The Association of Banks in Lebanon decided to close all branches as the currency fell to a new record low, further angering depositors.
“What are you Lebanese people waiting for, to go down and take your rights from this mafia of thieves and criminals that’s ruling? Where are the human rights? There is no electricity, no water, nothing at all in this country. Don’t they feel us while they’re sitting in their palaces? They have no feelings for the people. They see us as sheep. We won’t stay silent about our life’s worth,” protester Rami Ghandour said.
According to Arab News, protesters targeted five banks in the Badaro neighborhood of Beirut: Bank Audi, Fransabank, Credit Bank, Byblos Bank, Bank of Beirut, and BBAC. They also attempted to storm the residence of Association of Banks head Salim Sfeir, after staging a sit-in in front of the building in Sin El Fil in the eastern suburbs of the capital city.
Firefighters have since put out the blazes at the banks, and the Lebanese army has been able to reopen the blocked nearby roads.
Not everyone thinks the protests were a result of angry depositors wanting their money back.
Economist Violette Balaa described them as a “fabricated disturbance and the result of the political dispute.”

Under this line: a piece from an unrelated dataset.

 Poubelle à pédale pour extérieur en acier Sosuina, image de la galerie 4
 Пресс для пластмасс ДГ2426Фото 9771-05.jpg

“Those who burned the banks today are not all depositors. Depositors do not know how to burn tires or where to go. It is an attack on the Lebanese economy and confidence in it,” she added. “What is happening has political objectives. Some people are benefiting from what is happening, particularly dollar speculators, although the state has arrested 40 illegal money changers.”
At a press conference on Thursday, caretaker economy minister Amin Salam said that a decision has been taken to “allow the pricing of goods in supermarkets in dollars while adopting the black market exchange rate because it is not possible to rely on the exchange rate of a certain platform.”